Brexit, Boris sull'orlo della crisi

Colpevole, e senza attenuanti. Non è penale, ma per Boris Johnson è come se lo fosse la sentenza con cui la Corte Suprema britannica ha dichiarato illegale e nulla la sospensione del Parlamento che il primo ministro Tory avrebbe voluto prolungare fino al 14 ottobre, nel pieno della crisi sulla Brexit. Un verdetto devastante nelle motivazioni firmato all'unanimità da 11 sommi giudici del Regno - il collegio più ampio possibile - che minaccia di mettere BoJo ancora più all'angolo. Con conseguenze imprevedibili sul temuto scenario di un divorzio senz'accordo di Londra da Bruxelles alla scadenza del 31 ottobre. L'effetto è stato quello d'un terremoto, con l'annuncio immediato dello speaker dimissionario della Camera dei Comuni, John Bercow, ormai ai ferri corti col premier, della «ripresa» dei lavori parlamentari già domani. E la reazione del successore di Theresa May improntata ancora una volta alla sfida, con un secco no alla richiesta di dimissioni salita a stretto giro dagli oppositori. «Ho il massimo rispetto per la sentenza della Corte, ma sono in forte disaccordo.

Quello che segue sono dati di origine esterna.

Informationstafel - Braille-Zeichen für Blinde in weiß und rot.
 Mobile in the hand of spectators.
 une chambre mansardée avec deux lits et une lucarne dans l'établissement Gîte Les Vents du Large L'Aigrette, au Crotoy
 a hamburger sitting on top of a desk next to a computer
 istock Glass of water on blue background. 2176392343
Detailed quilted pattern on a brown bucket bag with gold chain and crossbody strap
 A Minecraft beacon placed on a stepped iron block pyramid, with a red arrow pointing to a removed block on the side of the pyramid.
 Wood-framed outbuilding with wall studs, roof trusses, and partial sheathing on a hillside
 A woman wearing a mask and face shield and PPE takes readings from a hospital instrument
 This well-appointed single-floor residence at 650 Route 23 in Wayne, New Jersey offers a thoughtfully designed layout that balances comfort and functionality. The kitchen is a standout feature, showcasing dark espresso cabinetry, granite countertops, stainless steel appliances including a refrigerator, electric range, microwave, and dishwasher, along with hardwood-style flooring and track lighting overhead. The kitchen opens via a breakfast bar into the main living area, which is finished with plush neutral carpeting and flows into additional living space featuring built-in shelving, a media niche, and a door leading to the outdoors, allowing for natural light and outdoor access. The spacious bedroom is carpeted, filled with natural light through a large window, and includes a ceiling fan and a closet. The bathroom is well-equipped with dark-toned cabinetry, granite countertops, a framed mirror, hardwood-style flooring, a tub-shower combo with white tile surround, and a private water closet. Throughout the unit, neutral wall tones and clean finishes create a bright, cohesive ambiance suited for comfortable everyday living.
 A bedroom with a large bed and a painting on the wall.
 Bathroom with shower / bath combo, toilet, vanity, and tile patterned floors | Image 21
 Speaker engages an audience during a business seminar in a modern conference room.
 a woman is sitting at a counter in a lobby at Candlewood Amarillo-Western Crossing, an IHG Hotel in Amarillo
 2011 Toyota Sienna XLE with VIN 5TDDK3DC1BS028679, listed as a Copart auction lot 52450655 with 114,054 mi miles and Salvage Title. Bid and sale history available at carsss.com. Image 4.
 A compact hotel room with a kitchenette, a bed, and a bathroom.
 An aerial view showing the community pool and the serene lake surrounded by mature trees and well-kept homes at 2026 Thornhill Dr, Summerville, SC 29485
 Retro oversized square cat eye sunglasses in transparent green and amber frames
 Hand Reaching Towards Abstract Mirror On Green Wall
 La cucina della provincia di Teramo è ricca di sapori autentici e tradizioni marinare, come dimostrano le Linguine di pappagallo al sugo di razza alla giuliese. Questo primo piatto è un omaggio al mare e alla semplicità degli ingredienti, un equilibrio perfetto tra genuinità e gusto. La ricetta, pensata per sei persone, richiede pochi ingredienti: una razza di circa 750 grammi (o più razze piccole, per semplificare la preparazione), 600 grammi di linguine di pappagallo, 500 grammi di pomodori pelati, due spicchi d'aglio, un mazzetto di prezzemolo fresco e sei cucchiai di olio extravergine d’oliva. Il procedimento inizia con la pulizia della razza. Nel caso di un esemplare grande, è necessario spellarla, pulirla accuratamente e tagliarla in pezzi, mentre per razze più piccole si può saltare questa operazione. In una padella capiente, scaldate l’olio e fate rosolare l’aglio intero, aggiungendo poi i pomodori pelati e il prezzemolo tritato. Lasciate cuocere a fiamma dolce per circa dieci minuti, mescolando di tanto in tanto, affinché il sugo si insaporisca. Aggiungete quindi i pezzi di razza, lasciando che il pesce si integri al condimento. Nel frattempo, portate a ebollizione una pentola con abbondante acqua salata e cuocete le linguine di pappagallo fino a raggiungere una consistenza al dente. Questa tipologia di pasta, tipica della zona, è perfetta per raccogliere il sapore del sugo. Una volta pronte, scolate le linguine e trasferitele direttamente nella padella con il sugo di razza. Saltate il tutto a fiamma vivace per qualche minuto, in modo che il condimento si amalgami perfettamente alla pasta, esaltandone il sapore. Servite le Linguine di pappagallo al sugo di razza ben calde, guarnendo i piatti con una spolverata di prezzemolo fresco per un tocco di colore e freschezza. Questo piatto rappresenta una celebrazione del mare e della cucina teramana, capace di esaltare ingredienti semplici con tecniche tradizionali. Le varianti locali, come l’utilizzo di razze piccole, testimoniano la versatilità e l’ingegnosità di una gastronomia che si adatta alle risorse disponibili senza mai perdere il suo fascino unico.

Quindi vado avanti», ha tagliato corto Johnson, spalleggiato da Donald Trump a margine dell'assemblea Onu di New York, prima di rientrare in patria, non senza rinfacciare a Westminster d'aver avuto «3 anni per dibattere la Brexit», imputargli di voler rovesciare la volontà popolare espressa nel referendum del 2016 e ribadire di puntare a far sì che il Regno lasci comunque l'Ue il 31 ottobre. Ora al governo non resta che cercare una nuova strategia: forse «un recesso» più breve, in vista della Conferenza annuale Tory in calendario al termine della prossima settimana. Ma i ministri, riunitisi in queste ore, sembrano divisi sul da farsi: tirare dritto fino al 31 ottobre (con l'epilogo di un no deal che la sentenza della Corte rischia di rendere ancor più probabile) o frenare.